**INFORMATION SHOWN:**
************

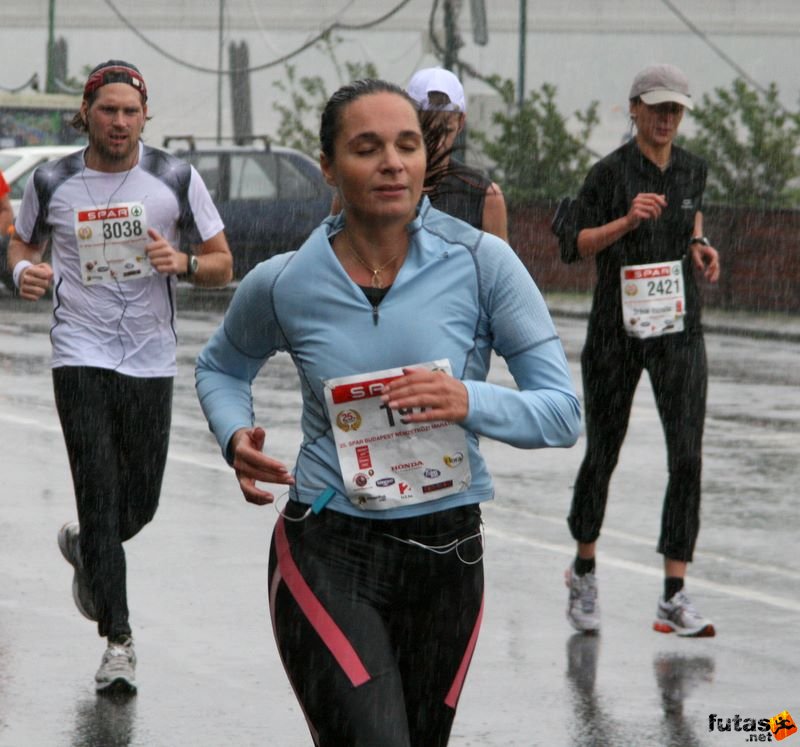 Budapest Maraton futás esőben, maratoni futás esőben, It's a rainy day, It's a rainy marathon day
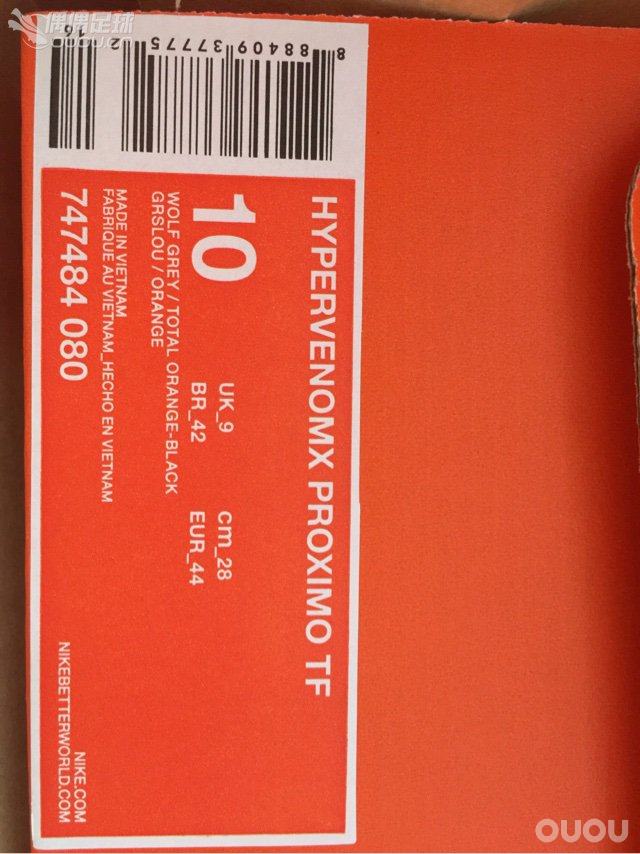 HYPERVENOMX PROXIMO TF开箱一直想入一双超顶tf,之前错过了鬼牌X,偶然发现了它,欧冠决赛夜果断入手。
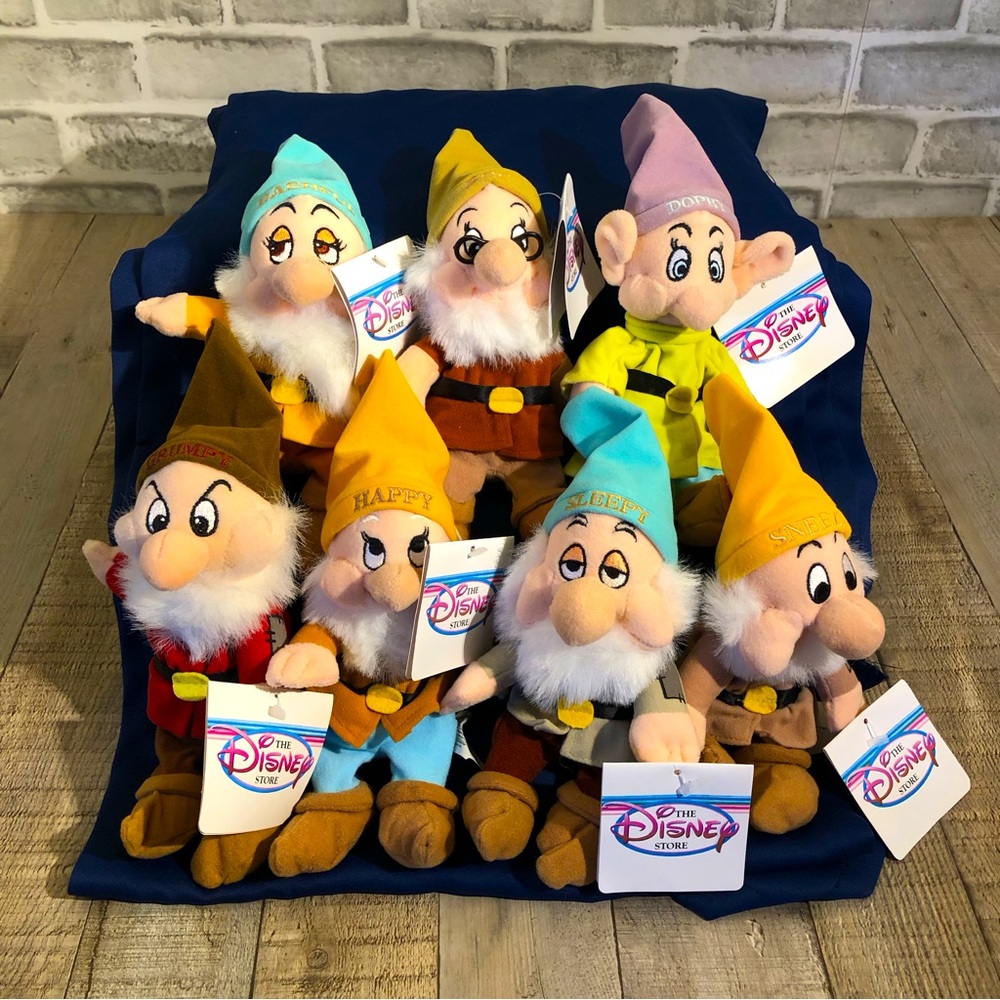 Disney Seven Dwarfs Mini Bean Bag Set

************

**TASK ITEM:**
Only the pictures are to be left out, and all of the data must otherwise be transcribed exactly.

**EXERCISE OUTPUT:**
 Budapest Maraton futás esőben, maratoni futás esőben, It's a rainy day, It's a rainy marathon day
 HYPERVENOMX PROXIMO TF开箱一直想入一双超顶tf,之前错过了鬼牌X,偶然发现了它,欧冠决赛夜果断入手。
 Disney Seven Dwarfs Mini Bean Bag Set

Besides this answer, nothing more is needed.